■ ABOUT THIS TASK: Once the data has been read, restate all of it exactly.

◇ ◇ ◇ ◇ ◇ ◇ ◇

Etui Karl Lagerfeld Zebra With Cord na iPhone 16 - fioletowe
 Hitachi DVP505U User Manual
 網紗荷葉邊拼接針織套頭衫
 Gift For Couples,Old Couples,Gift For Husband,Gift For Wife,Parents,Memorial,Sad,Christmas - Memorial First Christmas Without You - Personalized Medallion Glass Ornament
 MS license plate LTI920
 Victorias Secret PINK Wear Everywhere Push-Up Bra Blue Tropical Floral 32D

◇ ◇ ◇ ◇ ◇ ◇ ◇

■ RESULT FOR THIS EXERCISE:
Etui Karl Lagerfeld Zebra With Cord na iPhone 16 - fioletowe
 Hitachi DVP505U User Manual
 網紗荷葉邊拼接針織套頭衫
 Gift For Couples,Old Couples,Gift For Husband,Gift For Wife,Parents,Memorial,Sad,Christmas - Memorial First Christmas Without You - Personalized Medallion Glass Ornament
 MS license plate LTI920
 Victorias Secret PINK Wear Everywhere Push-Up Bra Blue Tropical Floral 32D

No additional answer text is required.